Dear Braggy,

As a granny you deserve all the bragging rights you’re asking for, so don’t let that little twerp make you feel bad for asking! But you see, it is a tricky question to answer, mainly because there’s still no Webster’s dictionary version of it which we can rattle off.

In fact it is so difficult to communicate what we do, that it sends every designer into a professional existential crisis each time the most fear-inducing words are uttered.

“So what exactly is it that you do?”

And that’s the way the cookie crumbles.

I think your grandson probably shouldn’t have spoken about wireframing and user testing — that’s just design jargon and it makes it all harder to understand. But, like my editor says, ‘misunderstood’ is the first sign that a person is doomed to be a designer. We eventually learn to accept it as an occupational hazard. So your grandson will get over it… eventually.

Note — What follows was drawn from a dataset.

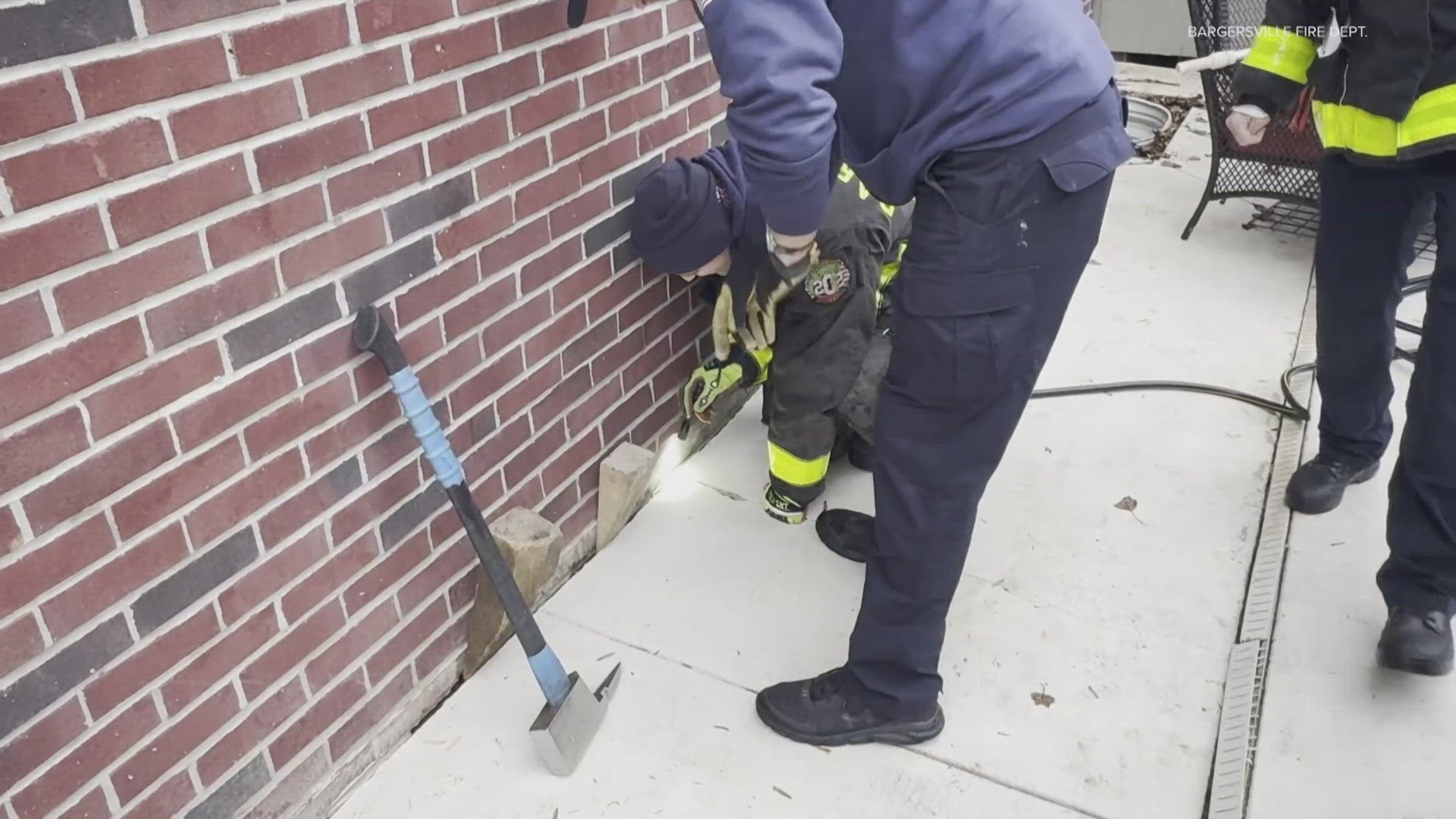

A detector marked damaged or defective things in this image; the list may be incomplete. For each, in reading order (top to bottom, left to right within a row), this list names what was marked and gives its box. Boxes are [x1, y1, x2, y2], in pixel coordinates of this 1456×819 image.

broken concrete chunk [597, 440, 655, 548]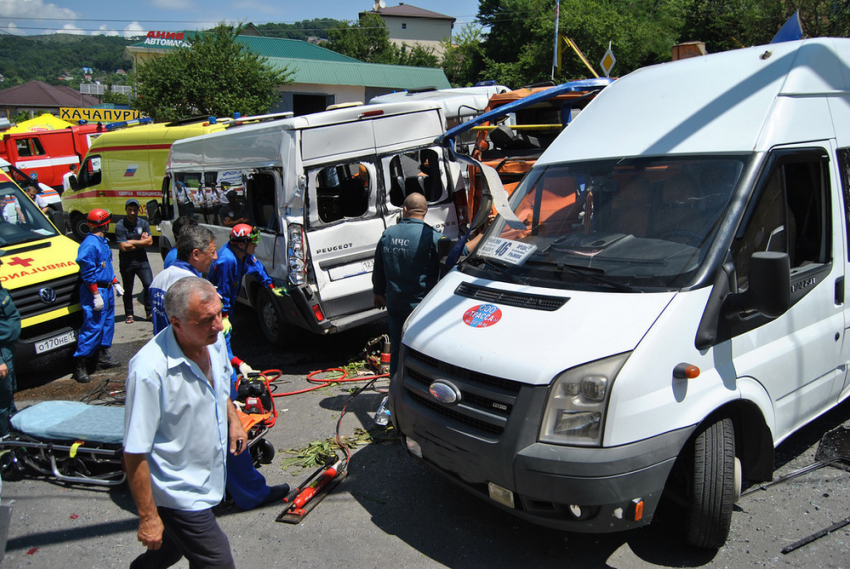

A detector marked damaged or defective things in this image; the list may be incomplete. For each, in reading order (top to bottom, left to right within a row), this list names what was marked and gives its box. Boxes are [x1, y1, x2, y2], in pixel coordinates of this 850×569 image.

But as to your question, let me give it a try and answer.
Although, this attempt to find answers will send me spiralling into another existential crisis— 42nd time’s the charm! (I will accept a box of your cookies as fee).

But first things first:

A designer is a type of designer.
A doctor heals, a designer solves problems (vaguely).
Specifically, an orthopaedic doctor is a type of doctor (healer of bones), a user experience designer is a type of designer (problem-solver of how a human can interact with computers to get them to work for them). In today’s digital world where almost everything comes with a computer chip in it, UX commonly work with digital products.

A digital product could be a software, app or website
Products like a traditional coffeemaker make life easier for humans by doing their tasks for them, using mechanical and/or electrical power (like grind beans). While digital products use the power of computers to do tasks for humans (like make a cab appear at your doorstep!).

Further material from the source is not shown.